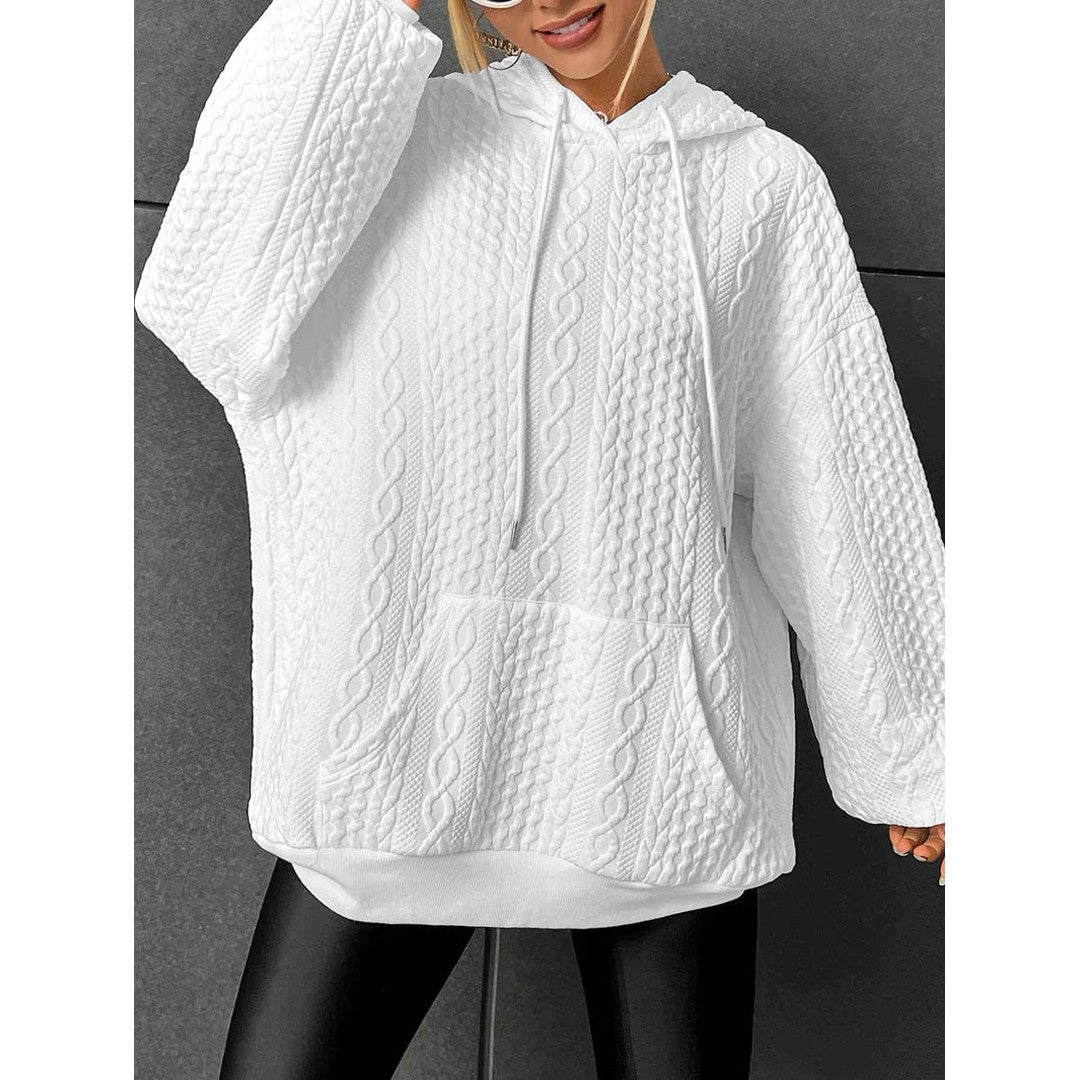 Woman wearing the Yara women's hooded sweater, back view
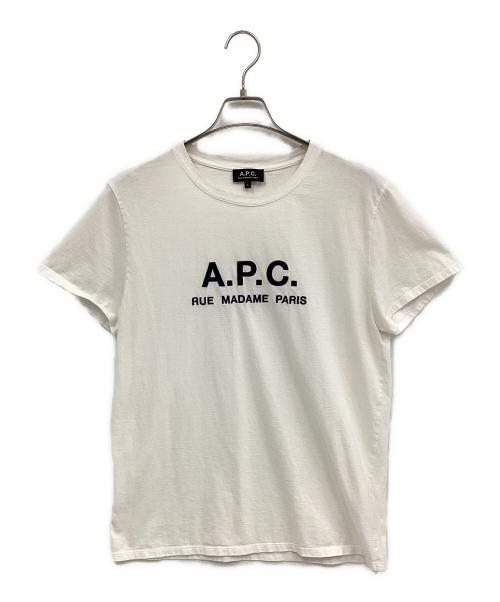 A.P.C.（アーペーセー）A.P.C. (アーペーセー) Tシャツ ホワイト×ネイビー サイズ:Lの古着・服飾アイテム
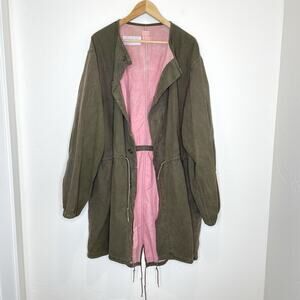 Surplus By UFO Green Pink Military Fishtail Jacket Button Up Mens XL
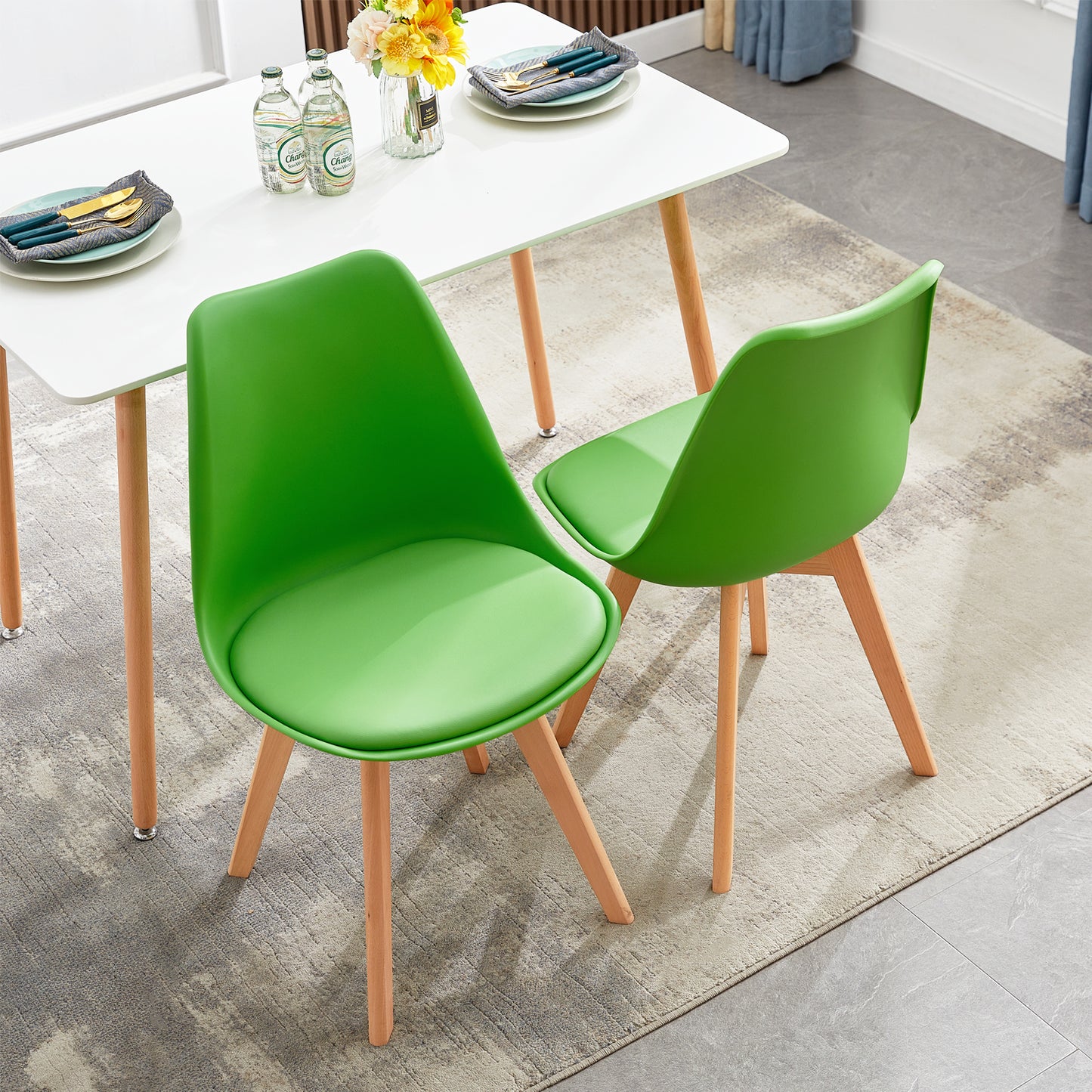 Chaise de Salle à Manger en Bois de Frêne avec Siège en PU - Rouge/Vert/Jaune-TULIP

=======

* Problem to work on:
Would you restate all of the data above word for word, omitting the pictures?

* Result:
 Woman wearing the Yara women's hooded sweater, back view
 A.P.C.（アーペーセー）A.P.C. (アーペーセー) Tシャツ ホワイト×ネイビー サイズ:Lの古着・服飾アイテム
 Surplus By UFO Green Pink Military Fishtail Jacket Button Up Mens XL
 Chaise de Salle à Manger en Bois de Frêne avec Siège en PU - Rouge/Vert/Jaune-TULIP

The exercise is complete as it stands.